Stream stats #71

JRPan · 2024-05-14T03:54:39Z

Collect stats based on streams.

99% Ready. Creating a PR to trigger GitHub Actions to generate correlations.

Consult @JRPan before merging.

code changes for adding per-stream status.

Added optional arg to cache_stats::print_stats, cache_stats::print_fail_stats and their upstream functions. When streamID is specified, print stats from that stream. When not specified, print all stats. NOTE: current implementation depending on streamid never equals -1

Per-stream stats tracking feature

Multi-Stream stats

mattsinc · 2024-05-14T04:28:35Z

@JRPan let me know if you need something from UW here

mattsinc · 2024-06-22T21:58:11Z

@JRPan just checking again if you need anything from us?
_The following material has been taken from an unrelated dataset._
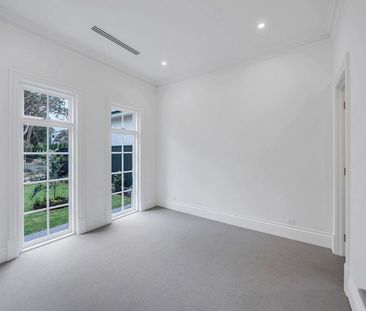 Brand new family home - Photo 4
JRPan · 2024-08-09T22:22:27Z

Sorry for the delay, this will be included in the next major release. accel-sim/accel-sim-framework#317

JRPan · 2024-08-13T20:15:33Z

@FJShen Lets try get this merged asap

FJShen · 2024-08-14T16:49:37Z

I need some more description of this PR. E.g., What feature does it add? What bug does it fix? Does "stream" refer to CUDA stream?
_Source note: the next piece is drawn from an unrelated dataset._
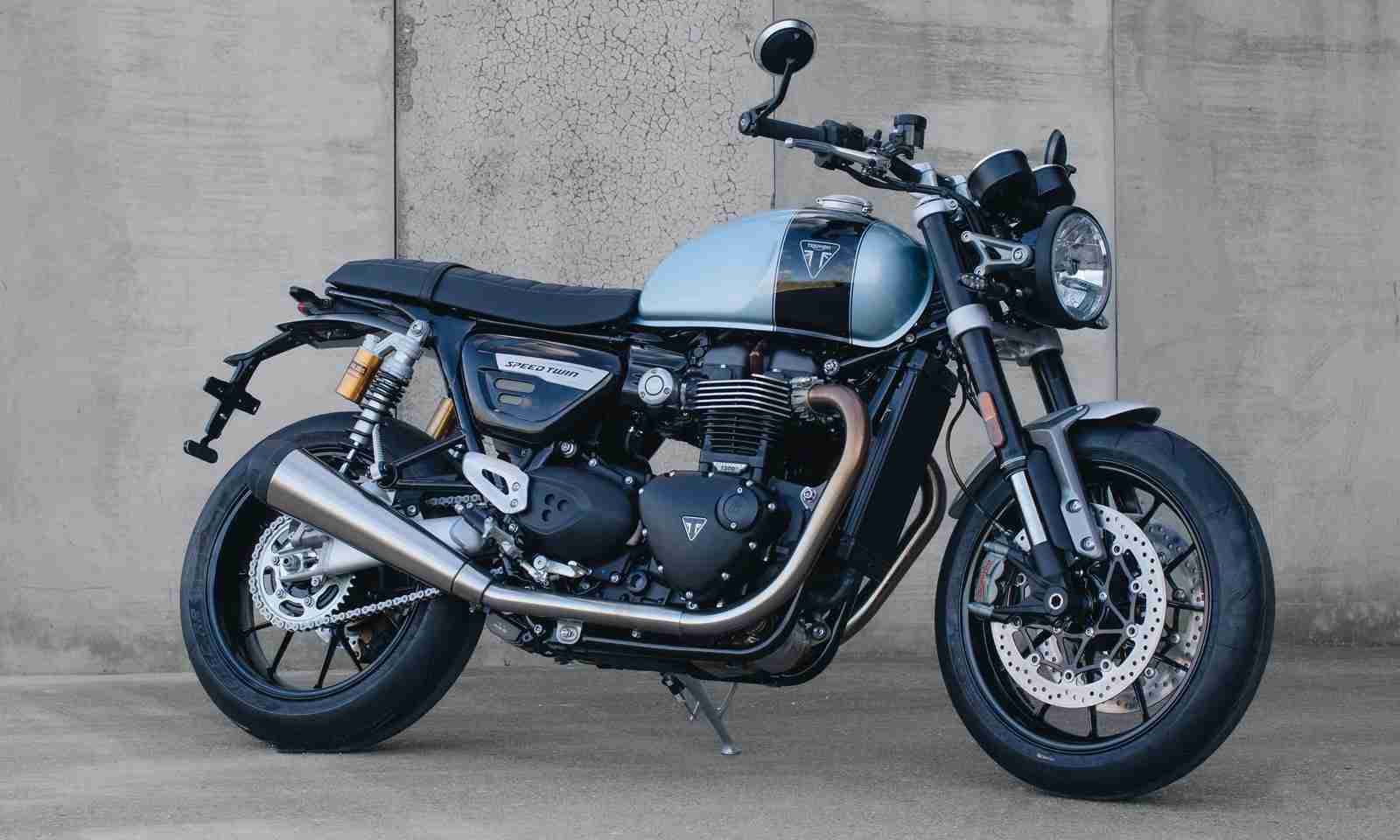 Triumph Speed Twin Breitling limited edition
mattsinc · 2024-08-14T17:29:35Z

I need some more description of this PR. E.g., What feature does it add? What bug does it fix? Does "stream" refer to CUDA stream?

@FJShen : @JRPan took the original commit my students submitted to Accel-Sim and packaged it into this. Yes, "stream" means "CUDA stream". We have a full tech report that describes the support we added: https://arxiv.org/abs/2304.11136

Ultimately, what these commits do is it adds support to Accel-Sim/GPGPU-Sim to track statistics at a per-CUDA stream level.

JRPan · 2024-08-14T18:32:12Z

Thank you, Matt!

@FJShen
Basically, an extra dimension is added for all stats. Before, all stats are collected and aggregated. In this commit, stats are collected on a per-stream basis. Within each stream, stats are aggregated just like before. If there is only 1 stream, this should behave exactly as before. In multi-stream and concurrent enabled, the old stats model does not make sense because the kernels are running concurrently. The stats cannot be separated between the kernels. This is to address that. I needed this in my paper as well. Justin's (Shichen) version here is more robust and better than mine.

For each kernel, a stream id is always given (0 by default). The stats container is usually a std::map<stream_id, stat>. At the end of the kernel, print_stat prints the stat based on the stream id.

This mainly affects cache stats (L1 and L2), and cycles. Other stats like occupancy, DRAM, and IPC are not changed. These stats does not make sense to be separated.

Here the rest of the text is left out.